### Exercises for Memory-Efficient Computing

#### Optimizing arithmetic expressions

##### Exercise 1

Use script ``poly1.py`` to check how much time it takes to evaluate the next polynomial:

`    y = .25*x**3 + .75*x**2 - 1.5*x - 2`

with x in the range [-1, 1], and with 10 millions points.

• Set the `what` parameter to “numexpr” and take note of the speed-up versus the “numpy” case.
• Why do you think the speed-up is so large?
##### Exercise 2

The expression below:

`  y = ((.25*x + .75)*x - 1.5)*x - 2`

represents the same polynomial than the original one, but with some interesting side-effects in efficiency. Repeat the computation for numpy and numexpr and draw your own conclusions.

• Why do you think numpy is doing much more efficiently with this new expression?
• Why the speed-up in numexpr is not so high in comparison?
• Why numexpr continues to be faster than numpy?
##### Exercise 3

The C program ``poly.c`` does the same computation than above, but in pure C. Compile it like this:

`  gcc -O3 -o poly poly.c -lm`

and execute it.

• Why do you think it is more efficient than the above approaches?

##### Exercise 4

Be sure that you are on a multi-processor machine and repeat the last computation in poly1.py but increasing the number of threads one by one (change the number in the ``for nt in range(1):`` loop).

• How the efficiency scales?
• Why do you think it scales that way?
• How performance compares with the pure C computation?
##### Exercise 5

With the same multi-processor, recompile the above poly.c, but with OpenMP support:

`  gcc -O3 -o poly poly.c -lm -fopenmp    # notice the new -fopenmp flag!`

and execute it for several numbers of threads:

`  OMP_NUM_THREADS=desired_number_of_threads ./poly`

Compare its performance with the parallel numexpr.

• How the efficiency scales?
• Which is the asymptotic limit?
##### Exercise 6

With the previous examples, compute the expression:

`  y = x`

That is, do a simple copy of the `x` vector.
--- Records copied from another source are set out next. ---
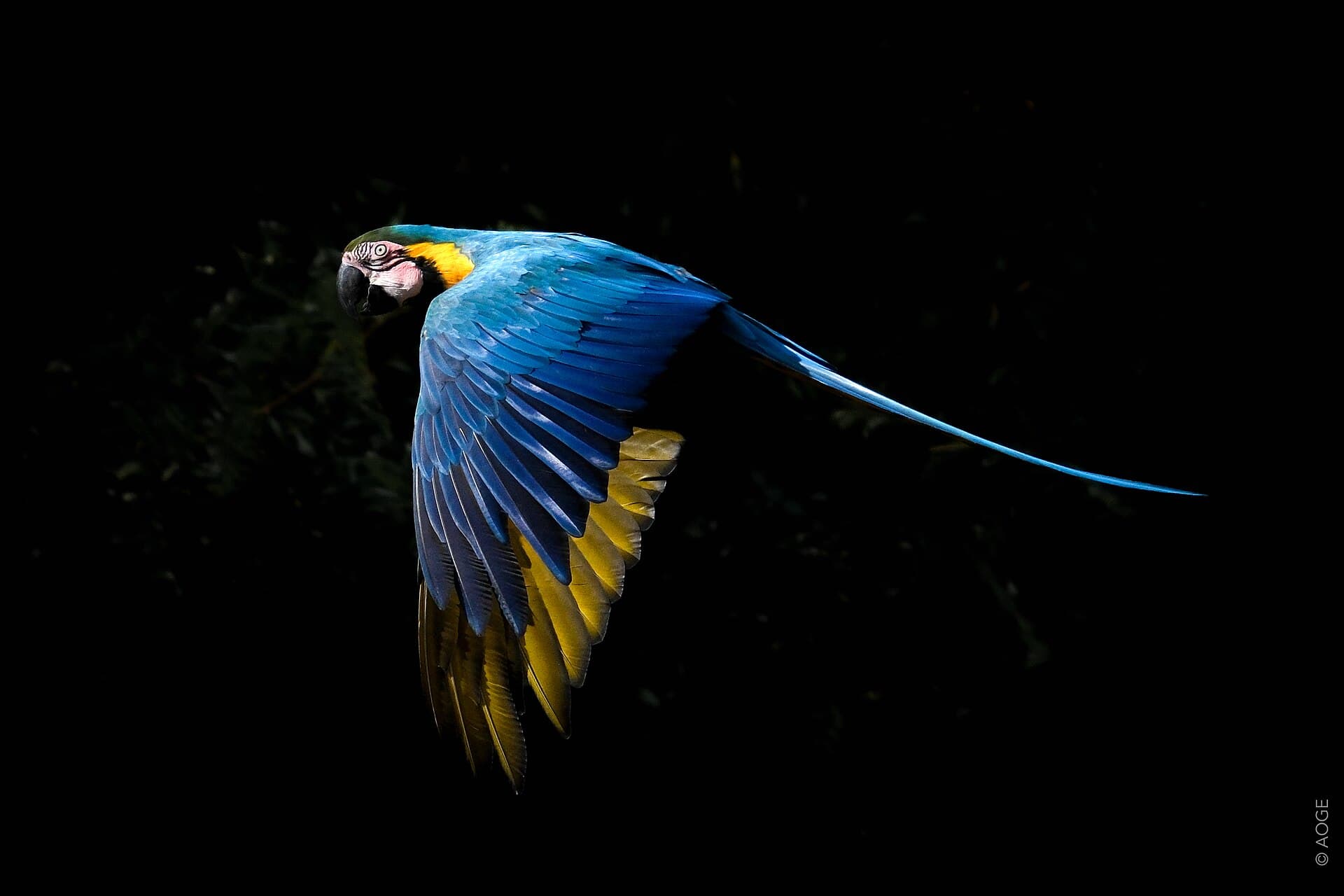 Blauw-gele Ara (Ara ararauna) - Flight of the Blue-and-Yellow Macaw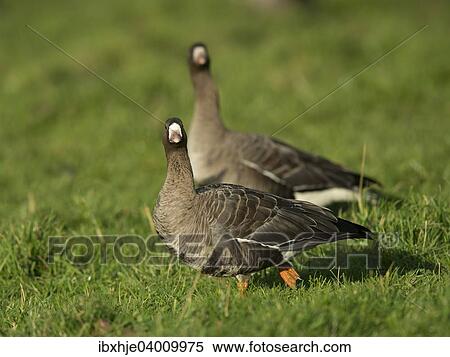 "Greater white-fronted geese (Anser albifrons), Bislicher Insel, Xanten, North Rhine-Westfahen, Germany, Europe" View Large Photo Image Stock Photography - "Greater white-fronted geese (Anser albifrons), Bislicher Insel, Xanten, North Rhine-Westfahen, Germany, Europe". Fotosearch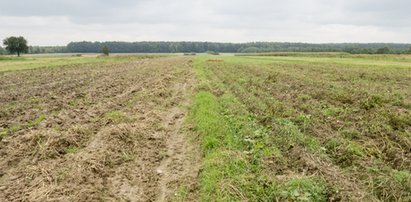 Koniec spekulacji! Ceny ziemi spadną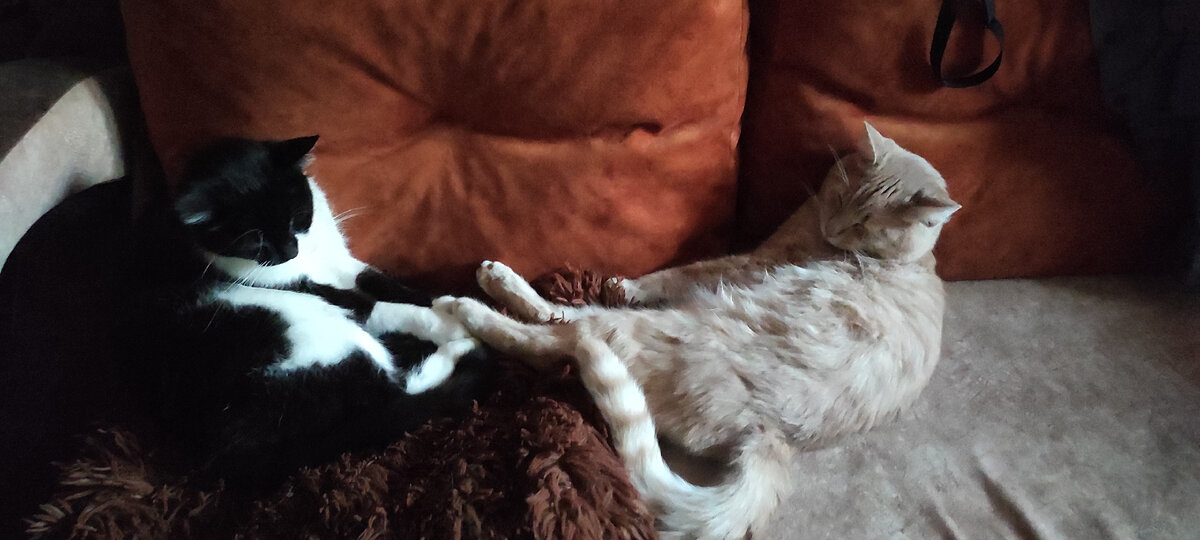 Вася и Персик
What's the performance that you are seeing? How does it evolve when using different threads?

#### Evaluating with carray

##### Exercise 7

Look into the sources of carray-eval.py and run it. For the first expression evaluation, i.e.:

`    ((.25*x + .75)*x - 1.5)*x - 2`
• Why do you think carray evaluates faster than NumPy, even when using the Python VM (virtual machine).
• How much the compression slows down the evaluation? Which is the compression ratio achieved? Is that a lot?
##### Exercise 8

Repeat your reasoning with the second expression:

`    ((.25*x + .75)*x - 1.5)*x - 2 < 0`
• Why do you think the results vary so dramatically?

#### Querying Big Data

##### Exercise 9

Look into the sources of 'carray-ctable.py' script and run it.

• How a carray query compares with a numpy one?
• Which is the compression ratio achieved in the ctable `t`?
• How the different 'simple' and 'complex' query executes in comparison with the NumPy ones?
• If you are in the big Intel's Lab machine, increase the NROWS by one order of magnitude and re-run the benchmark. What do you see?
##### Exercise 10

Enter the ipython console and generate the big `t` ctable (just copy and paste the appropriate statements from the previous 'carray-ctable.py').

• Try to find the sweet spot for the 'simple' query by selecting different number of threads by running:
`      ca.set_nthreads(your_number_of_threads)`
• Repeat for the 'complex' query.
• Why do you think there is such a large different in the sweet spot?